*Exercise brief*
Without including any images, repeat the data exactly.

*Data shown*
[Start of section]

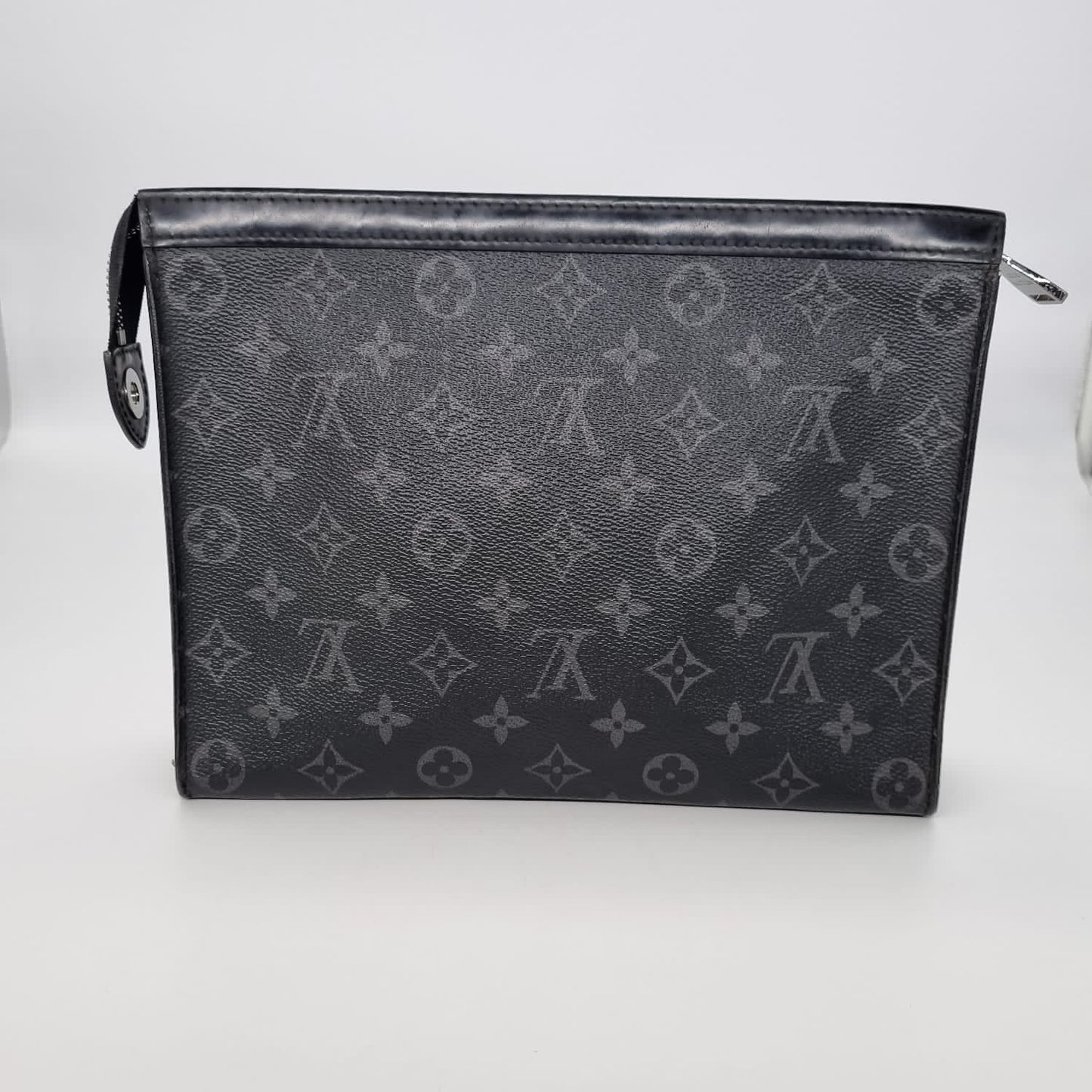 Louis Vuitton Voyage Pochette Monogram Black 2017 SIze 26x6x20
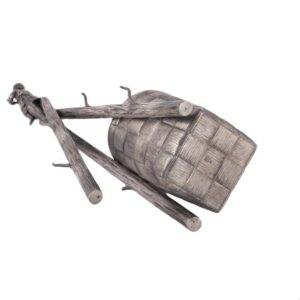 Unusual silver Trompe l'oeil vodka set — image 9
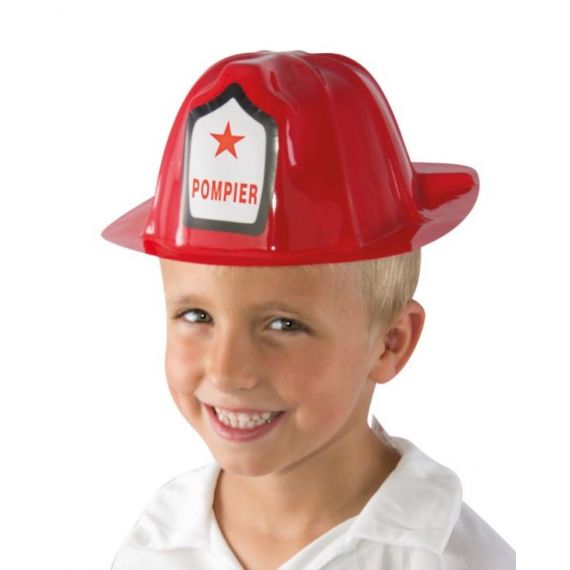 Casque de Pompier Rouge - deguisement enfant pas cher - Badaboum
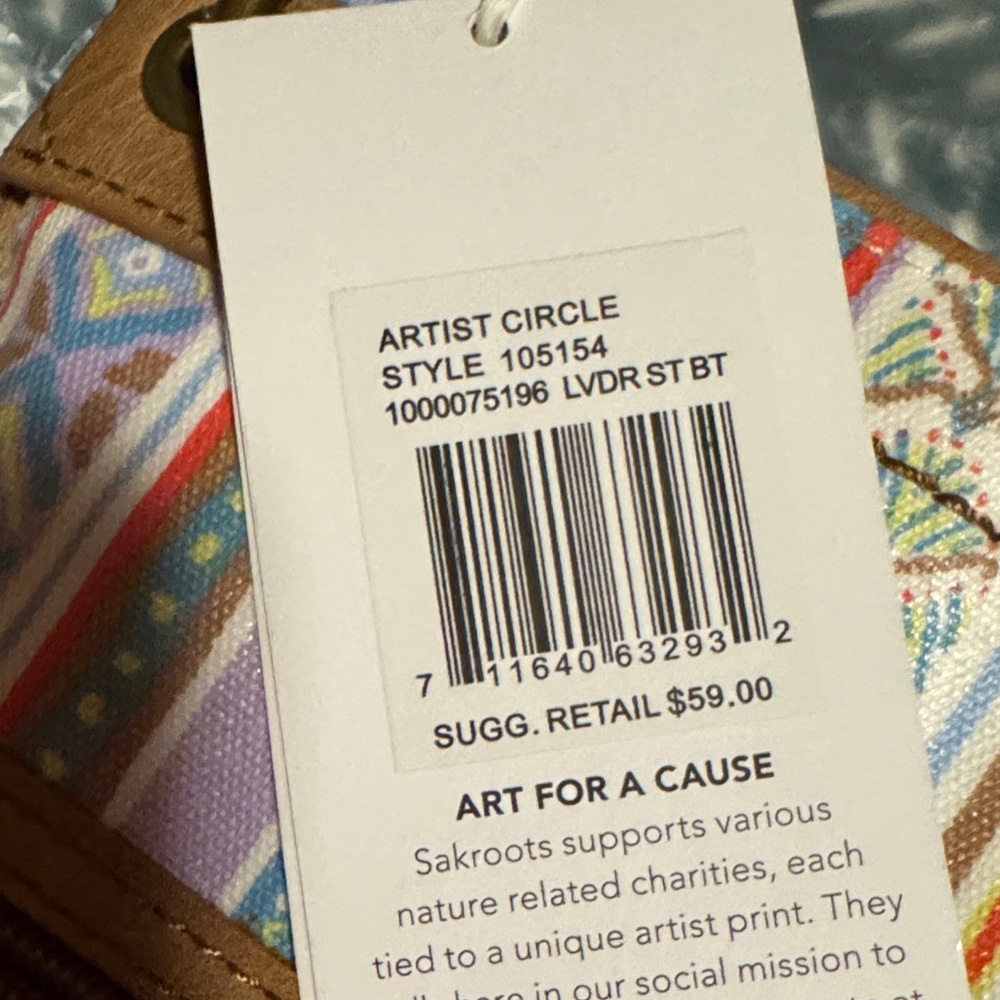 Sakroots Colorful Striped Crossbody Bag NWT - Picture 6 of 6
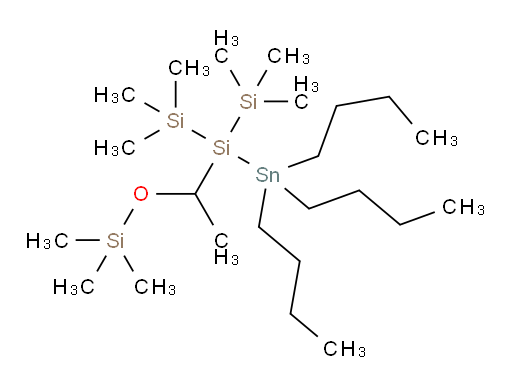 6,6-dibutyl-2,2,4-trimethyl-5,5-bis(trimethylsilyl)-3-oxa-2,5-disila-6-stannadecane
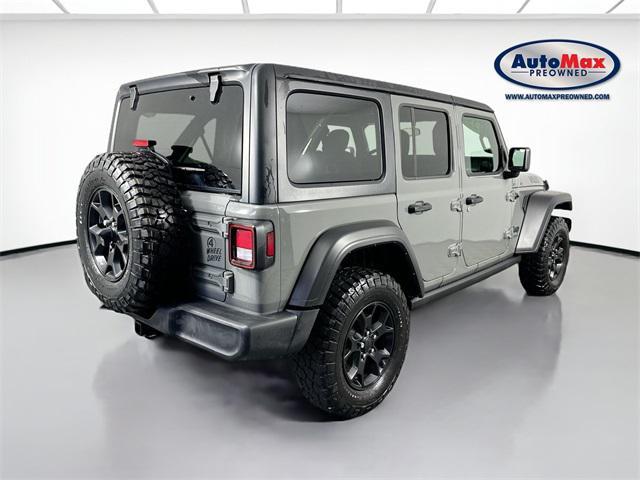 used 2022 Jeep Wrangler Unlimited car, priced at $34,000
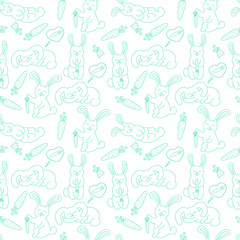 rabbits pattern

[End of section]

*Response area*
 Louis Vuitton Voyage Pochette Monogram Black 2017 SIze 26x6x20
 Unusual silver Trompe l'oeil vodka set — image 9
 Casque de Pompier Rouge - deguisement enfant pas cher - Badaboum
 Sakroots Colorful Striped Crossbody Bag NWT - Picture 6 of 6
 6,6-dibutyl-2,2,4-trimethyl-5,5-bis(trimethylsilyl)-3-oxa-2,5-disila-6-stannadecane
 used 2022 Jeep Wrangler Unlimited car, priced at $34,000
 rabbits pattern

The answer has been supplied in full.